Falmouth’s legendary Highfield and Tanglewood Halls set the stage for the rise—and tragic fall—of the famous Beebe family.
Certain family names have been connected with towns on Cape Cod and the Islands for centuries. The Snows of Orleans, the Coffins and Starbucks of Nantucket, and the Nickersons and Atwoods of Chatham all have legendary connections to their respective towns.
In Falmouth today, the name Beebe is synonymous with Beebe Woods, a magnificent, 383-acre stretch enjoyed by thousands of visitors year-round. The pristine land, highlighted by walking trails that pass through wooded ridges, along shady hollows, and beside a picturesque pond, were once part of a sprawling estate purchased in the late 1800s by a wealthy Bostonian, James Beebe. His descendents, who lived in two elegant mansions on the estate, were among Falmouth’s earliest summer visitors.

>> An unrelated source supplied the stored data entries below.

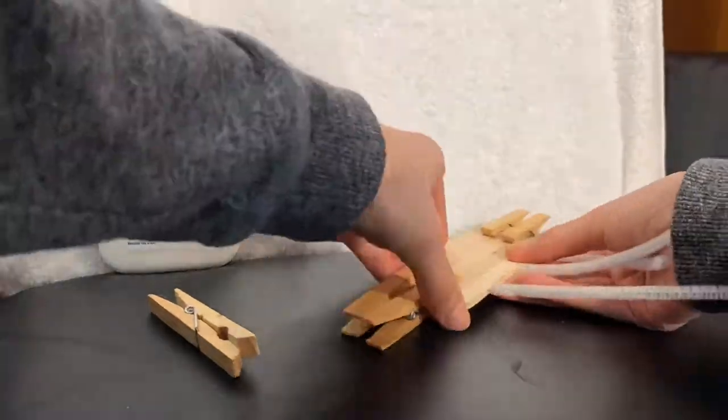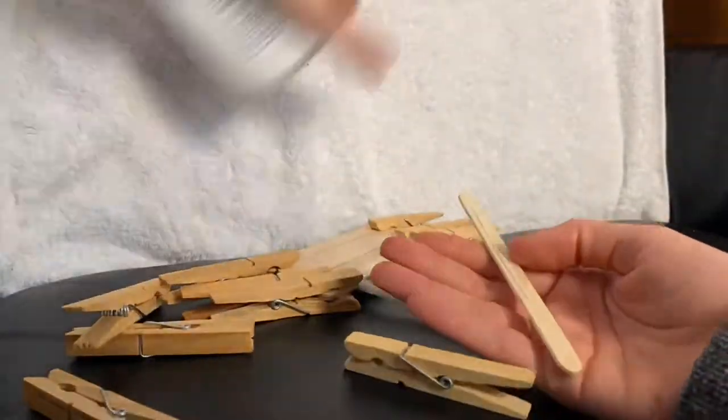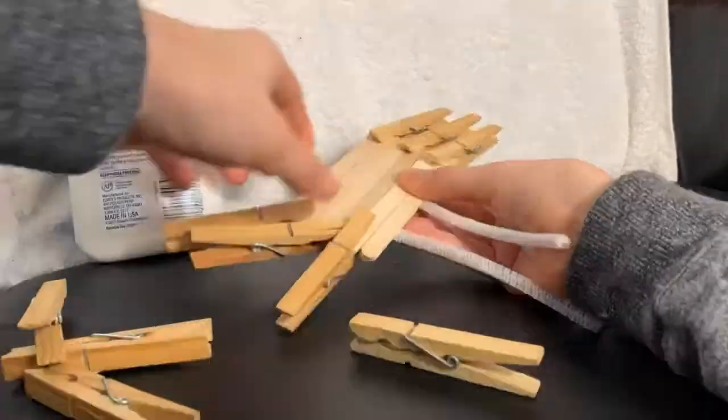You can then repeat the process as many times as you want to determine the length of your bendy bridge.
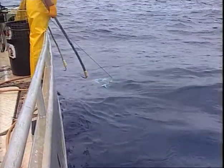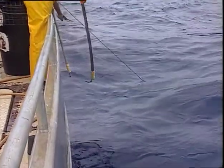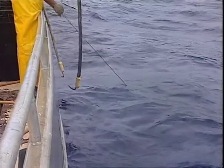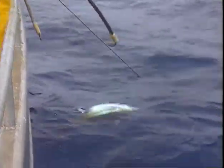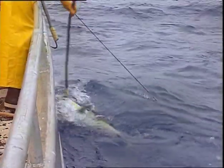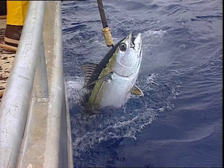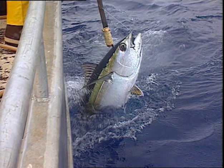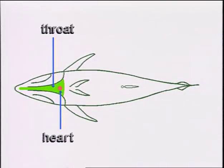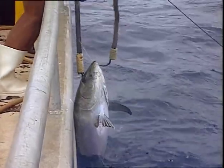The fisherman holding the gaff stands ready at the rail as the branch line is slowly hauled in and the fish comes closer to the side of the vessel. His role is critical, for he must be sure to gaff the fish properly. Always gaff the head. Never gaff the body, the throat or the heart. On large fish, use two gaffs.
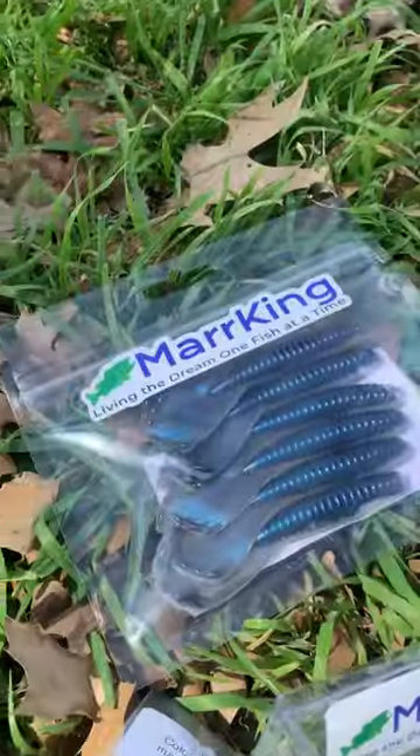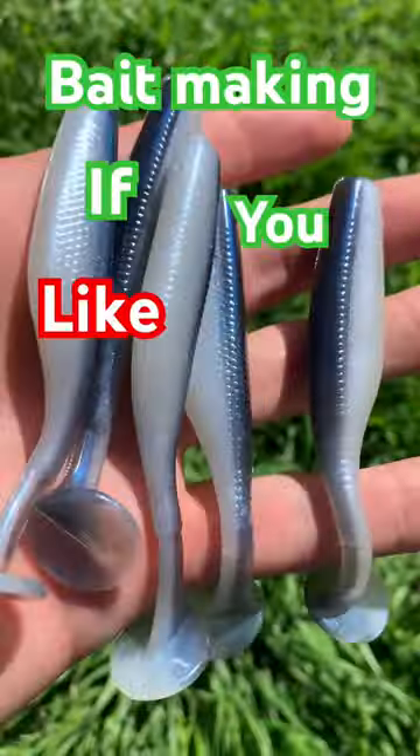Big thanks to Mitchell for being the first one to order it. If you want to go buy it, there's a link in my bio. My channel is all about bait making — if you like that, go subscribe!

However, the legacy of the Beebe name has also been associated with tragedy. During a 60-year period beginning in the early 1870s, the Beebe family experienced suicides, sudden deaths, turns of bad luck, lawsuits, and mental health episodes that made headlines in Boston’s Back Bay, on the campuses of prestigious colleges, and in Falmouth’s quiet, turn-of-the-century community.
Family patriarch James Madison Beebe made his fortune in dry goods and manufacturing. In 1872, looking to escape the heat and discomfort of Boston in the summertime, he converted the Thomas Swift House on Shore Street into a summer home called Vineyard Lodge. Beebe subsequently purchased more than 700 acres of land in Falmouth, almost 400 of which are known today as Beebe Woods.
James Beebe only spent three summers in Falmouth before passing away in 1875. He left behind his wife and seven children, all of whom shared their father’s love of the town. Two of the sons later built manors on their father’s property: Pierson selected a plot atop a hill where he built sprawling Highfield Hall in 1878, while his younger brother J. Arthur chose an adjacent tract and built an equally grand home named Tanglewood the following year.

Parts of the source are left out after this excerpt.